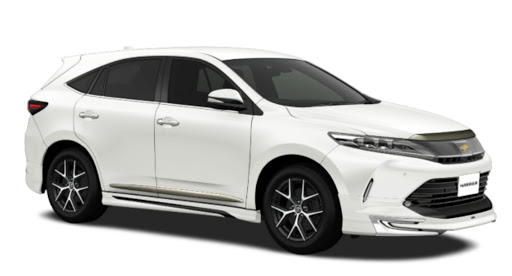 ハリアー Zsu60wの特別仕様車専用アルミホイールに関するカスタム メンテナンスの投稿画像 車のカスタム情報はcartune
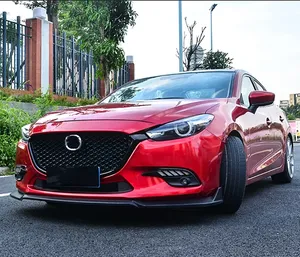 ชุดตะแกรงกระจังหน้ารถยนต์ StarNav สำหรับ Mazda 3 Axela ปี 2017-2019 รุ่น MY  แบบรังผึ้ง - Product Image 2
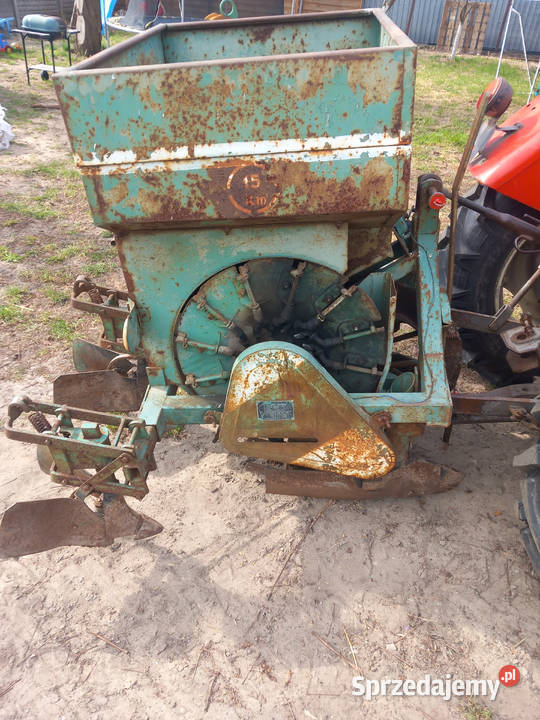 sadzarka do ziemniaków Czarny Ług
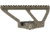 Arsenal Inc Riflescope Mount for AK with Side Rail Low Profile, OD green, 7.5in, SM-13G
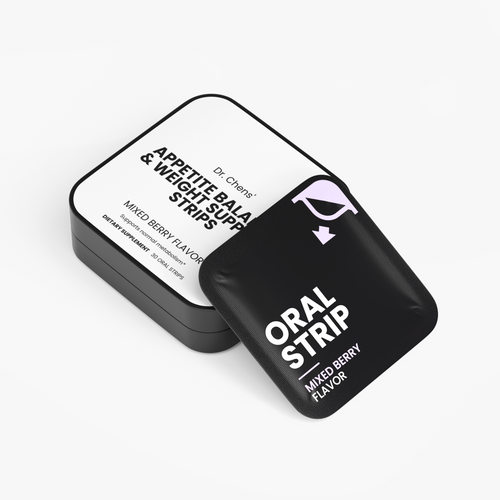 Dr Chens. Appetite Balance & Weight Support Strips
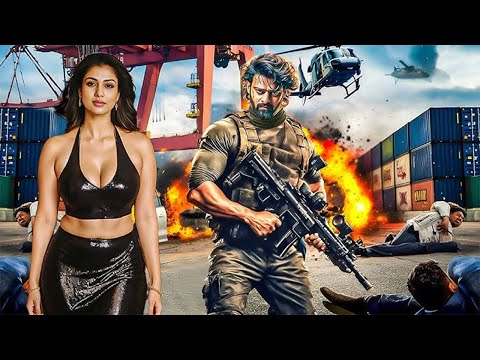 बाहुबली प्रभास & दीपिका पादुकोणे  साउथ इंडियन ब्लॉकबस्टर फुल मूवी  "Humla" | Hindi Dubbed Full Movie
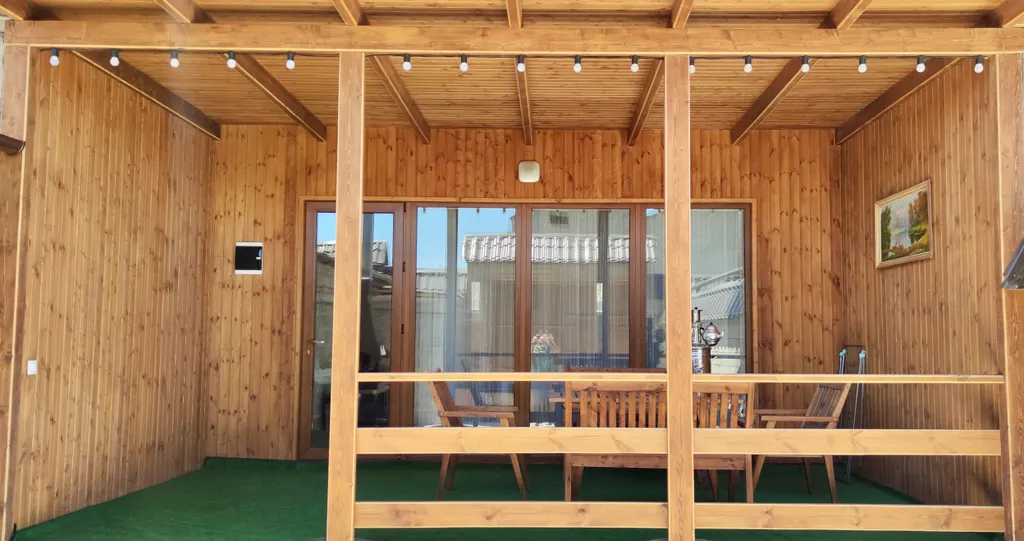 Коттедж на берегу каспийского моря в Зеленоморске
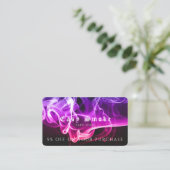 Vape Winkelen voor zakelijke korting Kaart Visitekaartje (Staand voorkant)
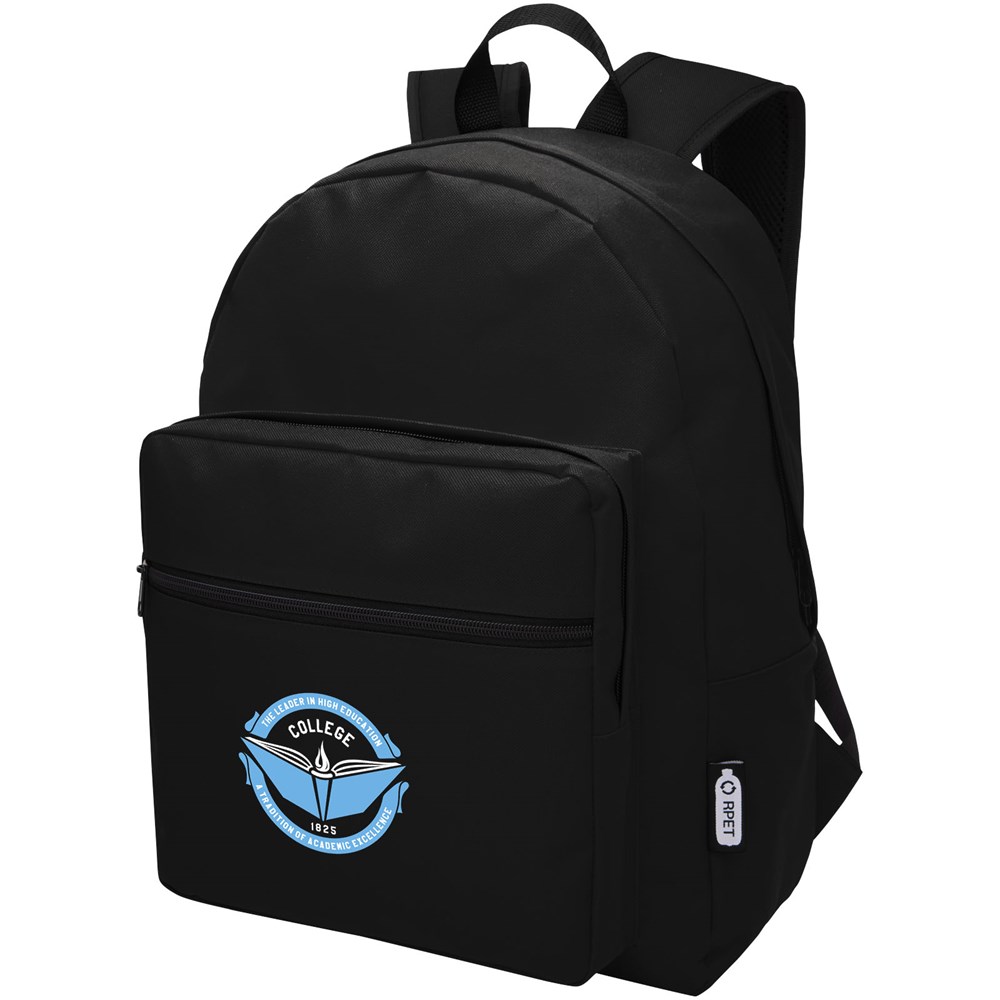 Sac à dos Retrend en RPET 16L noir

Exercise details -
The lines above from the line with "sadzarka do ziemniaków Czarny Ług" through the line with "Коттедж на берегу" are to be given again word for word, with no pictures among them.

Solution for this task -
 sadzarka do ziemniaków Czarny Ług
 Arsenal Inc Riflescope Mount for AK with Side Rail Low Profile, OD green, 7.5in, SM-13G
 Dr Chens. Appetite Balance & Weight Support Strips
 बाहुबली प्रभास & दीपिका पादुकोणे  साउथ इंडियन ब्लॉकबस्टर फुल मूवी  "Humla" | Hindi Dubbed Full Movie
 Коттедж на берегу каспийского моря в Зеленоморске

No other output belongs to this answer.